Monday, Sep. 28, 1931

Bridge Board

Spectators at a card game are usually obliged to lean over the contestants' shoulders, to snoop stupidly around the table. Because spectators are apt to make revealing exclamations, they are regarded as a nuisance and scornfully called kibitzers (Yiddish colloquial term). Not so were spectators at a game of contract bridge played last week in the ballroom of Manhattan's Hotel Roosevelt by four experts, under the auspices of the recently organized Bridge Headquarters, Inc. The experts--Willard Karn & fat Philip Hal Sims v. David Burnstine & Oswald Jacoby --played six prearranged hands and a five-game rubber. The 450 spectators, who had paid $1 each to be admitted, sat in comfortable chairs, watched the play on a Scoreboard erected near the bridge table.

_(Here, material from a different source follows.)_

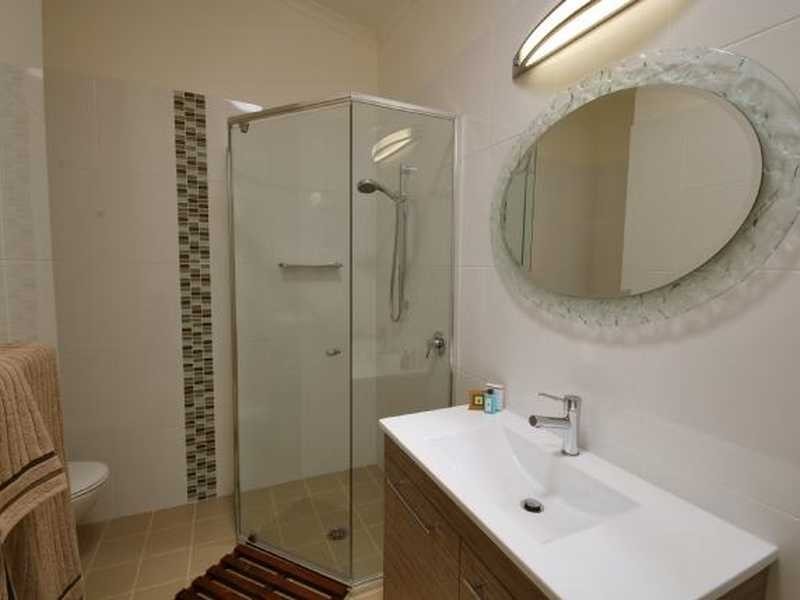 4/5 Lillian Street, Shoal Bay NSW 2315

On the Scoreboard, which resembled a baseball play-by-play tally, official scorers --U. S. Army officers--marked the hands dealt to each contestant, the number of tricks taken by each team. The scoreboard was out of the players' sight; but they did not need to see it. Sniggers and snorts from the audience, when someone played the wrong card or tried to finesse, were as explanatory as a peek at an opponent's hand. Observers wondered whether, by imposing strict rules of silence on spectators, or by enclosing the players in soundproof booths, bridge could be made into an indoor spectacle, like prize fighting, wrestling, billiards.

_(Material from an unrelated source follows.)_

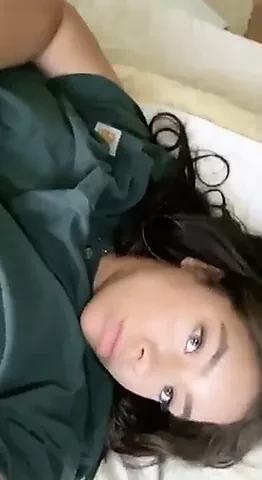 Juggs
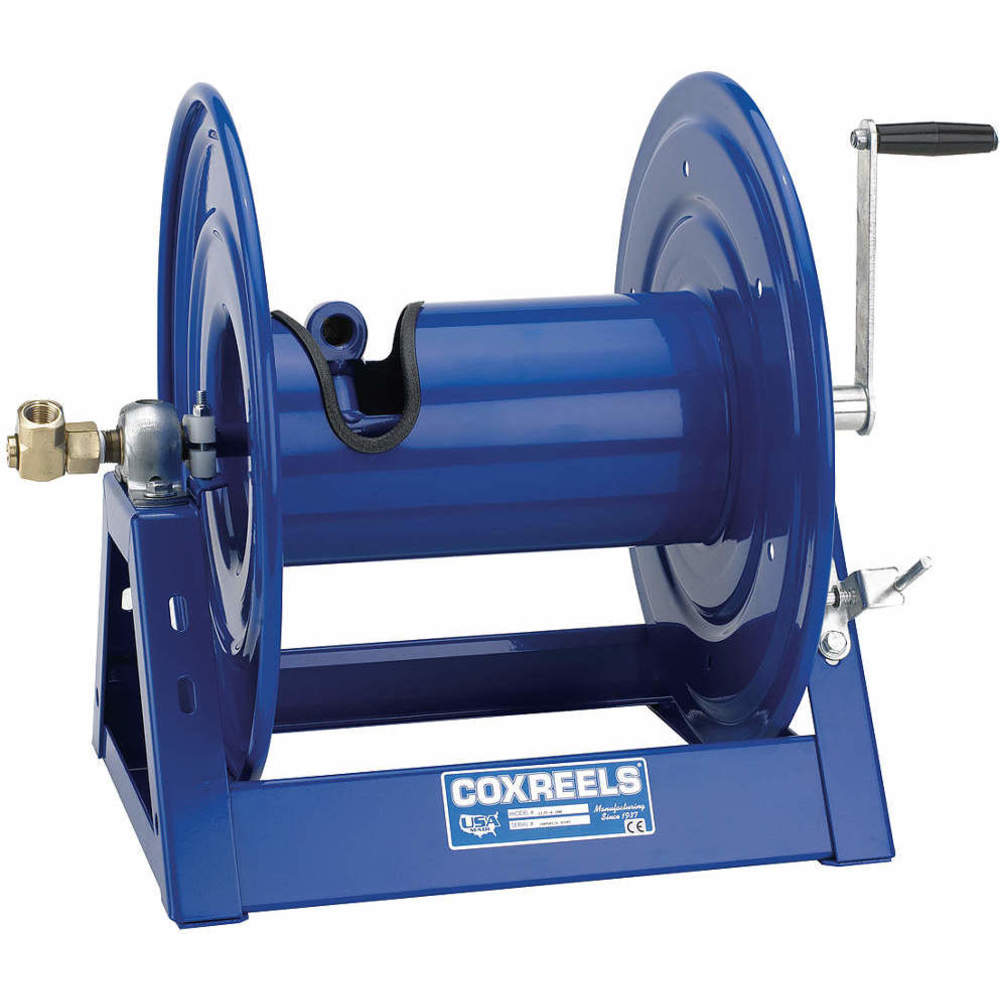 COXREELS 1125-6-100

Home last week from Russia, Mr. & Mrs. Ely Culbertson, handsome young exponents of a bidding system of their own,* reiterated their disdain for Bridge Headquarters, Inc., called it a "merger of has-beens and never-wases." Said facetious Expert Culbertson: "When I was arrested for speaking Russian with suspicious fluency, I offered to play the head of the secret service a [Sidney] Lenz problem in order to prove that I was merely . . . Culbertson. . . . But the chief could not find a deck of cards with kings or queens in the pack. . . . Even with the provisional deck he agreed . . . that I was neither [Milton] Work nor Lenz. . . ."

No date has been set for Ely Culbertson & wife's grudge-game against any two experts selected by Bridge Headquarters, Inc. for $1,000 a side.

*In the Official System, a one-trick bid signifies an ordinary hand; a two bid signifies a medium strong hand, a game invitation bid; a bid of three, or a two-club bid signifies an extraordinarily strong hand. In the Culbertson System bids of one have the same significance; a two bid signifies an extraordinarily good hand.